6. Zero in on Data Types
Explore the columns you have in your data set and verify that the actual data types match the data that should be in each column. For example, a field titled “sales_date” should have a value in a common data format like MM/DD/YYYY. Similarly, you should understand the generic data type each field represents. If it’s a numeric field, is it discreet or continuous? If it’s a character field, is it categorical or a nominal free text field? Knowing these distinctions will help you better understand how to prep the data contained therein.
7. Your Data Ought to be in Pictures
Graphing key fields can be a great way to get to know your data. Use histograms to get a feel for the distributions of key fields, pie charts to see values as a percent of the whole, and scatter plots for the all-important outlier detection (see below). Graphing data has the added benefit of making explanations of data profiling results to non-technical users much faster and more productive.
8. Don’t Forget the Sanity Check
Are five-year-olds granted driver’s licenses? Are gas prices $1257 per gallon? Is the average summertime high temperature in San Antonio, Texas -12 degree Fahrenheit? Sanity checking means understanding what certain columns represent, knowing a “ballpark range” of values that would be appropriate for those columns, and using this understanding and range of values to apply some common sense to the data set.
Additionally, use automated tools and graphing functionality to find outliers. The challenge with outliers is that they can wildly distort metrics that use a mean of the data, which can lead to some rather awkward conversations with business stakeholders if you haven’t identified and accounted for those outliers. So, find the outliers, run analysis both with and without them, and present the findings to stakeholders as the beginning of a collaborative, constructive conversation on how to handle them.
9. Iteratively Cleanse and Filter
Based on your knowledge of the end business analytics goal, experiment with different data cleansing strategies that will get the relevant data into a usable format. Again, start with a small, statistically-valid sample to iteratively experiment with different data prep strategies, refine your record filters, and discuss with business stakeholders.
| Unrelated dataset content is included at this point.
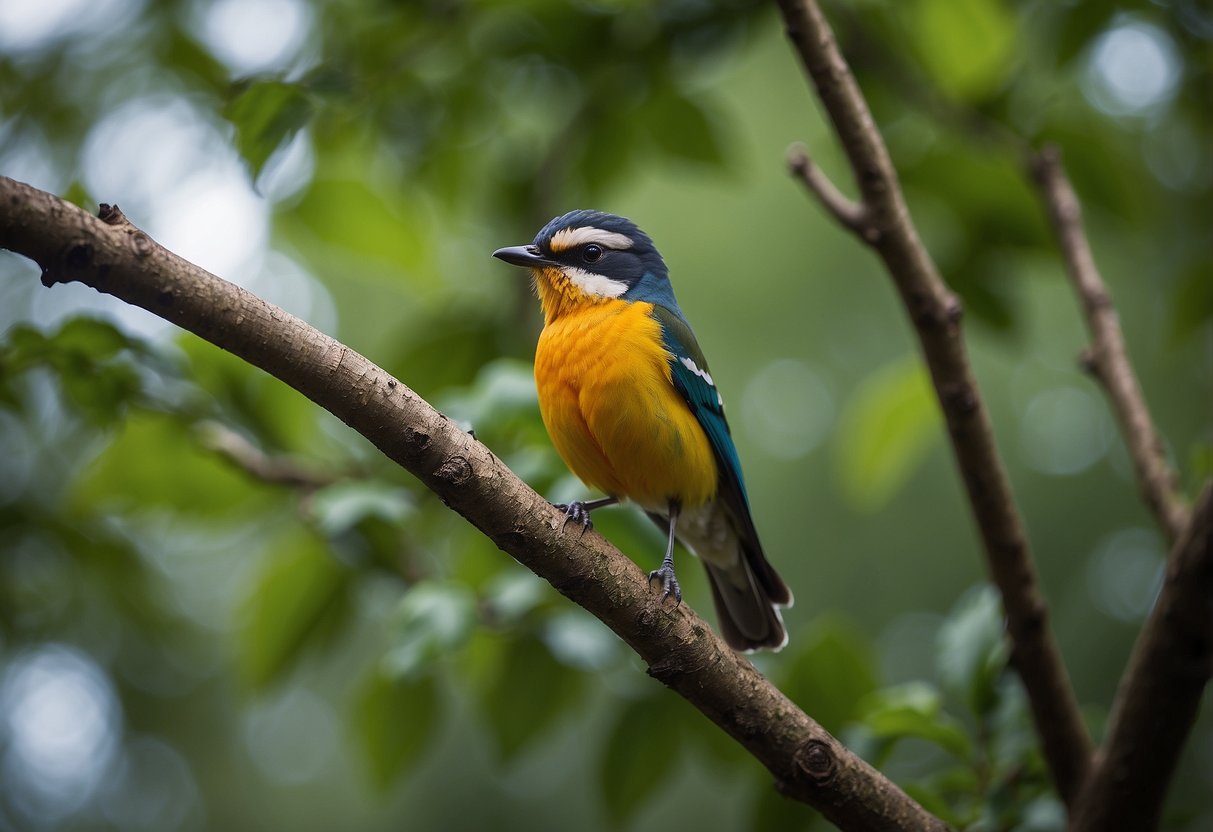 A colorful bird perched on a tree branch, surrounded by lush green foliage. In the background, a variety of other birds can be seen flying and chirping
Upon finding what seems to be a good approach, take some time to rethink the subset of data you really need to meet the business objective. Running your data prep rules on the entire data set will be much more time consuming, so think critically with business stakeholders about which columns you do and don’t need, and which records you can safely filter out.
10. Lather, Rinse, Repeat: Bathe your Data
Now that you’ve developed a data preparation approach on a sample set, run your data preparation steps on the entire data set and examine the results again. Even if you properly sample the test data set, the full data set may still contain unusual cases that could throw off your results, so be ready to iteratively validate and tweak your data preparation steps. Again, be ready for this step to take some time, but the quality of analysis and use trust in the data it will cultivate will be well worth it.
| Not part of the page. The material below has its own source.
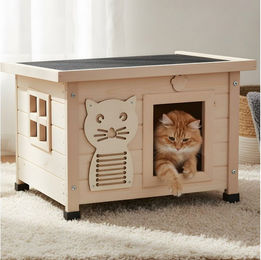 Zooprinz Katzenhaus aus Massivholz mit klappbarem Bitumendach und Plüschmaus wetterfest für Indoor und Outdoor – Bild 1 von 5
Data preparation is a messy but ultimately rewarding and valuable exercise. Taking the time to evaluate data sources and data sets up front will save considerable time later in the analytics project. Guided by data governance principles and armed with sampling techniques, profiling tools, visualizations, and iterative stakeholder engagement, you can develop an effective data preparation approach that will build trust in the data and earn respect from business stakeholders.